Codó hoje, aos 60 anos, transa o dia
inteiro com seu Di Giorgio debaixo do
braço: "Não troco este violão por fortuna nenhuma. Afinal, é ele que vem
sustentando minha família já a muitos anos."
E a família é bem numerosa: casado
com Dona Antonina, há 32 anos - que acorda todos os dias ouvindo o LP Codó Brincando Com as Cordas - ele é pai
de nove filhos, todos baianos. E todos tocam e compõem: "Até Esteves, meu caçula
de 11 anos, já sola Abismo de Rosas."
![]() |
Codó e seus muitos violões em seu apartamento no Estácio RJ, 1974. |
Em seu apartamento no Estácio, o
assunto é sempre música. Um mostra seu trabalho a outro ou pede uma sugestão
sobre este ou aquele acorde.
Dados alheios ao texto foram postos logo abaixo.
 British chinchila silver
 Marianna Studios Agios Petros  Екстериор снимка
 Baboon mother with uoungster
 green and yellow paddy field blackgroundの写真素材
Na sala, há mais de seis violões espalhados pelos
cantos, gavetas abarrotadas de partituras e, em cima da televisão, os troféus
que Codó ganhou nos festivais de Jurujuba, em Niterói.
Carlinhos, de 23 anos, mostra um
frevo que compôs e que gostaria que Gal Costa gravasse; Esteves faz seus
exercícios escolares nas costas do violão.
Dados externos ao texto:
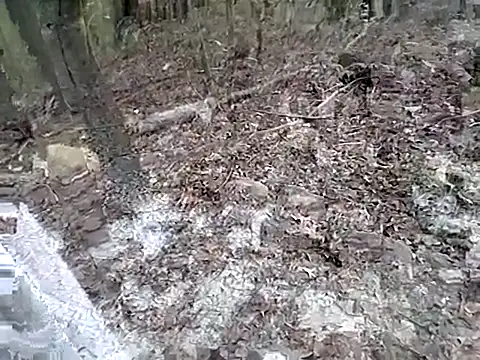 fischnet online show from 09-20-25, 10:55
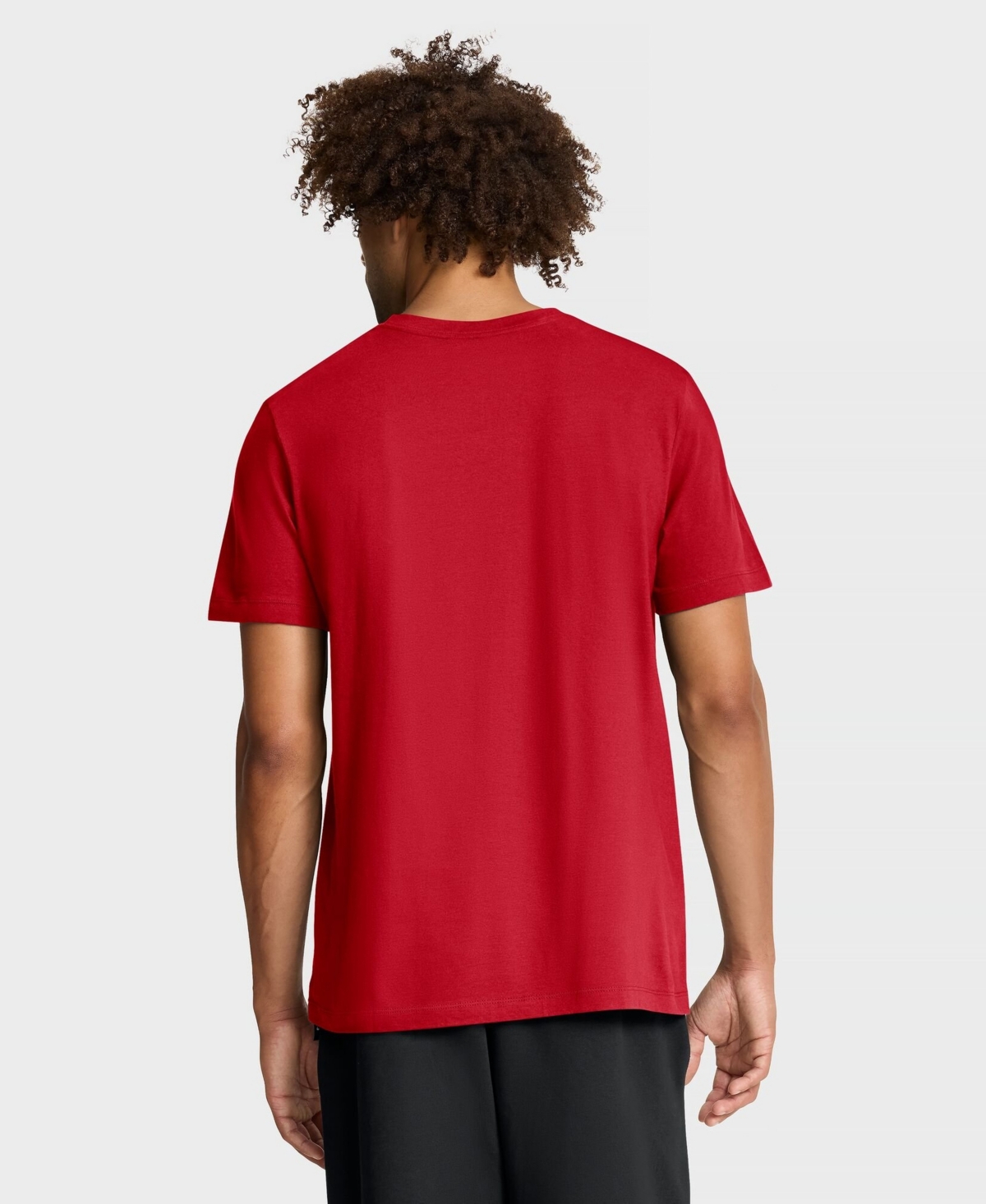 Nike Men's Philadelphia Phillies Icon Standard-Fit T-Shirt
ELE VAI ABRIR O CANTINHO DO CODÓ
Com seis LPs gravados e mais de 500
músicas inéditas, o mestre afirma que ainda não teve oportunidade para mostrar todo
o seu trabalho, "porque as gravadoras preferem músicas conhecidas como
garantia de sucesso". Mas se tudo der certo, como estou planejando, vou
abrir o "Cantinho do Codó, um recinto de diversão, bem retirado da cidade.
Talvez na Barra, para receber os amigos, tomar umas cervejinhas e tocar meu
violão. Por enquanto, isso é só um sonho, porque não ganho dinheiro suficiente
e a loteria vive fugindo de mim".
Fonte: Revista Fatos e Fotos, 21 de maio de 1974.